How to Elucidate Board Mystery in Age of AI and Threats?

Generative AI is a potential fulcrum for significant economic and societal change

This is an exclusive interview conducted by Santosh Vaswani, Editor at CIO News with Kapil Bareja, Cyber & Strategy Risk Advisory, Deloitte

The latest developments in Artificial Intelligence (AI) promise to have a profound impact on business and society. They will test companies’ ability to address the business opportunities and risks associated with yet another transformative technology.

We’re now in the earliest stages of another profound change, the Age of AI. It’s analogous to those uncertain times before speed limits and seat belts. AI is changing so quickly that it isn’t clear exactly what will happen next.
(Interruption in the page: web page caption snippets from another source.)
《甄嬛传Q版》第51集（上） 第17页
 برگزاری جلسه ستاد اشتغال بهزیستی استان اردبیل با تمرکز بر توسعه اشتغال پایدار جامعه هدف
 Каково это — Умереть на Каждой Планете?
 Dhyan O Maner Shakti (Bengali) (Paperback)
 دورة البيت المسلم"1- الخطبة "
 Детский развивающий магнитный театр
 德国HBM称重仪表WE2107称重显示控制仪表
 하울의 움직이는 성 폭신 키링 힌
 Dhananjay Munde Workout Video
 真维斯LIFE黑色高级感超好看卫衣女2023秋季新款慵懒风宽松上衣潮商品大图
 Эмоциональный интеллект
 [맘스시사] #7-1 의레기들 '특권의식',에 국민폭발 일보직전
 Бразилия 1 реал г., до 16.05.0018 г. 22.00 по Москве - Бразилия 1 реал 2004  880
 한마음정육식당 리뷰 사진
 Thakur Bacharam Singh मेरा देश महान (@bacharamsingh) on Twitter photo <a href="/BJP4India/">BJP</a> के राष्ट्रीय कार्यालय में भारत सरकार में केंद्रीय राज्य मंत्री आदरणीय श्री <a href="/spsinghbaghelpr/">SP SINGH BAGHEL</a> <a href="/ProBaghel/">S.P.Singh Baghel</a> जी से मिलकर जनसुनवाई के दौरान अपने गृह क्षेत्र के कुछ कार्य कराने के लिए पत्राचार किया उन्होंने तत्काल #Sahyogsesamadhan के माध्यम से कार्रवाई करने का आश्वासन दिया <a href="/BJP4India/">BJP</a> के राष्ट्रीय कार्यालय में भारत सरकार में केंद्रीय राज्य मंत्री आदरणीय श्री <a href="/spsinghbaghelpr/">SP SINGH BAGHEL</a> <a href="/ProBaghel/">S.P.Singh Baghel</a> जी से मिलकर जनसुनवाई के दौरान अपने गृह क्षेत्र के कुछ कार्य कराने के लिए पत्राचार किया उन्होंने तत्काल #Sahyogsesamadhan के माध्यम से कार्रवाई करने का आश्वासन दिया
We’re facing big questions raised by the way current technology works, the ways people will use it for ill intent, and the ways AI will change us as a society and as individuals.

One thing that’s clear from everything that has been written so far about the risks of AI—and a lot has been written—is that no one has all the answers. Another thing that’s clear to everyone is that the future of AI is not as grim as some people think or as rosy as others think. The risks are real, but the board can solve the mystery optimistically.

  • Many of the problems caused by AI have a historical precedent. For example, it will have a big impact on education, but so did handheld calculators a few decades ago and, more recently, allowing computers in the classroom. We can learn from what’s worked in the past.
  • Many of the problems caused by AI can also be managed with its help.
  • We’ll need to adapt old laws and adopt new ones—just as existing laws against fraud had to be tailored to the online world.

For boards to solve their companies’ problems by maximising AI’s business benefits while responsibly balancing the welfare of a firm’s multiple stakeholders and society at large.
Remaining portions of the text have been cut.